Five of the eight work quality indicators have had significant increases since 2020
A comparison of the eight work quality indicators shows that secure employment, being neither under nor over employed, performing meaningful work, earning above the Real Living Wage and job satisfaction were the most achievable for employees in NI between 2020 and 2022, with at least four in five employees working in jobs that met these criteria in 2022. In contrast involvement in decision making, career progression and flexible working have been the hardest work quality indicators to achieve between 2020 and 2022, with less than 60% of employees meeting the criteria for each in 2022.
There was little variation in the proportion of employees in NI with secure employment, meaningful work or job satisfaction across the years. In contrast, the proportion of employees in NI earning above the Real Living Wage has increased by the largest margin since 2020 (11pps) and the proportion of employees that were neither under nor over employed in 2022, whilst similar to 2021, has significantly increased since 2020 (3pps).
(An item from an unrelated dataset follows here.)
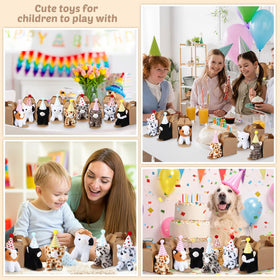 Motionchic kitten gift display, perfect for birthdays and celebrations.
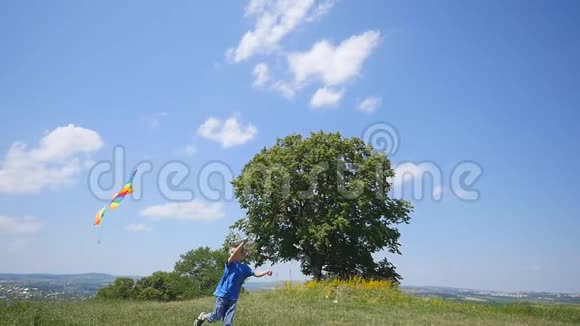 小男孩喜欢与飞行风筝一起散步在自然野餐上玩得开心慢动作视频的预览图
The group of indicators with the lowest proportions have also seen significant improvement between 2020 and 2022, with the proportion of employees reporting involvement in decision making, career progression and flexible working increasing by around six percentage points.
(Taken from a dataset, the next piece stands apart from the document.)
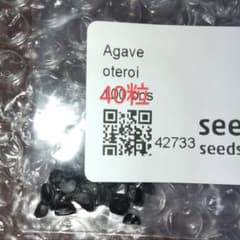 アガベ　オテロイ種子 40粒のサムネイル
Notable differences emerged when analysing by age and sex
For six of the eight work quality indicators the difference between employees aged 18 to 39 and those aged 40 and over meeting the relevant criteria was small in 2022 (less than five percentage points). While there was a difference of 10 percentage points in favour of employees aged 40 and over when considering the proportion of employees earning above the Real Living Wage in 2022, this gap has decreased by five percentage points since 2020.
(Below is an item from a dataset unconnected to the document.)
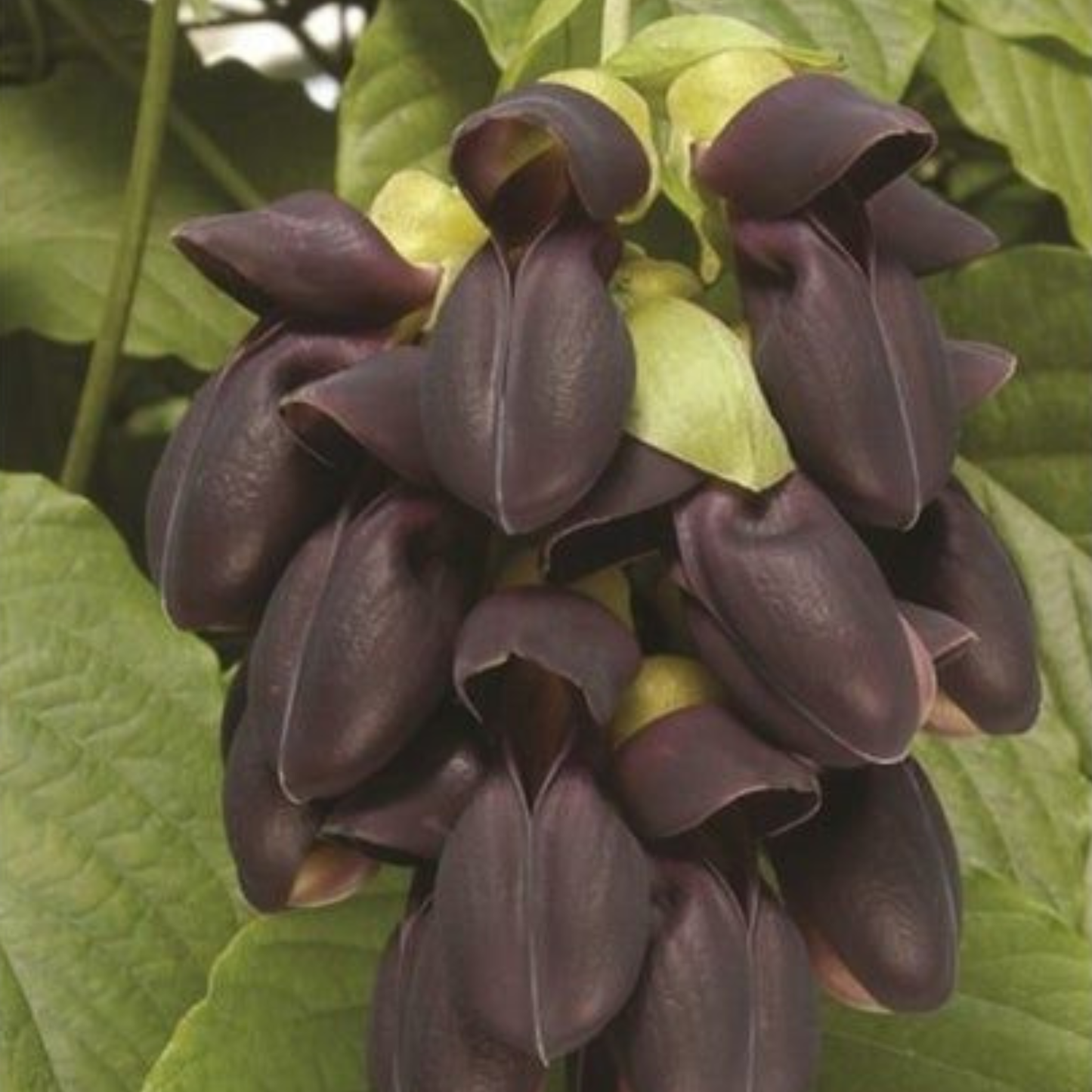 Black Jade Vine Rare (Strongylodon) Exotic Flowering Climber Live Plant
Conversely, career progression has been consistently higher for employees aged 18 to 39 than those aged 40 and over with a difference of 12 percentage points in 2022.
Although there is little difference in the majority of indicators, the flexible work quality indicator highlights large differences between males and females. In 2022, for five of the eight indicators the difference in the proportion of males and females meeting the relevant criteria was small (less than four percentage points), whilst there was a difference of 18 percentage points in favour of females when flexibility was considered. This difference was predominately due to the higher proportion of females in part time employment (and not underemployed) than males, one component of the flexibility indicator. Flexible work has been consistently higher for females since 2020.
Meaningful work has also been consistently higher for female employees than for male employees with the difference increasing from two percentage points in 2020 to eight percentage points in 2022. Conversely, career progression has been consistently higher for male employees than female employees, with a difference of seven percentage points in 2022.
Notes to editors:
1. The statistical bulletin and associated tables are available at on the NISRA website.
2. A work quality page, which also includes links to three previous publications and a live work plan, is available on the NISRA website.
3. This release provides statistics for eight work quality indicators: earnings, secure employment, neither under/over employed, job satisfaction, meaningful work, career progression, employee involvement in decision-making and flexible working. The earnings indicator is sourced from the Annual Survey of Hours and Earnings (ASHE), and the remaining seven are sourced from the Labour Force Survey (LFS).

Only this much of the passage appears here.